EXERCISE MATERIAL:

▬▬▬

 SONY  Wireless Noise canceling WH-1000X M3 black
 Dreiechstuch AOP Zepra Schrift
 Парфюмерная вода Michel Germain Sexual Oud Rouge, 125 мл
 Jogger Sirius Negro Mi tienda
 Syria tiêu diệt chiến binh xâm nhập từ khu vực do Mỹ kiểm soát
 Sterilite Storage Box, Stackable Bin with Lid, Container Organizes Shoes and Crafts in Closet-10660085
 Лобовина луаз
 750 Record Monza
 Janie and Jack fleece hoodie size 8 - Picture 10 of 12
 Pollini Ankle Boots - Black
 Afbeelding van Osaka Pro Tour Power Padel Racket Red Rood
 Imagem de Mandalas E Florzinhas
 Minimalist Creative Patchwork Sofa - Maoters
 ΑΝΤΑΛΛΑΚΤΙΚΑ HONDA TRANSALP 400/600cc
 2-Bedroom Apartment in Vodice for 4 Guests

▬▬▬

AIM OF THE TASK: Each record must be reproduced exactly, with nothing missing.

RESULT BELOW:
 SONY  Wireless Noise canceling WH-1000X M3 black
 Dreiechstuch AOP Zepra Schrift
 Парфюмерная вода Michel Germain Sexual Oud Rouge, 125 мл
 Jogger Sirius Negro Mi tienda
 Syria tiêu diệt chiến binh xâm nhập từ khu vực do Mỹ kiểm soát
 Sterilite Storage Box, Stackable Bin with Lid, Container Organizes Shoes and Crafts in Closet-10660085
 Лобовина луаз
 750 Record Monza
 Janie and Jack fleece hoodie size 8 - Picture 10 of 12
 Pollini Ankle Boots - Black
 Afbeelding van Osaka Pro Tour Power Padel Racket Red Rood
 Imagem de Mandalas E Florzinhas
 Minimalist Creative Patchwork Sofa - Maoters
 ΑΝΤΑΛΛΑΚΤΙΚΑ HONDA TRANSALP 400/600cc
 2-Bedroom Apartment in Vodice for 4 Guests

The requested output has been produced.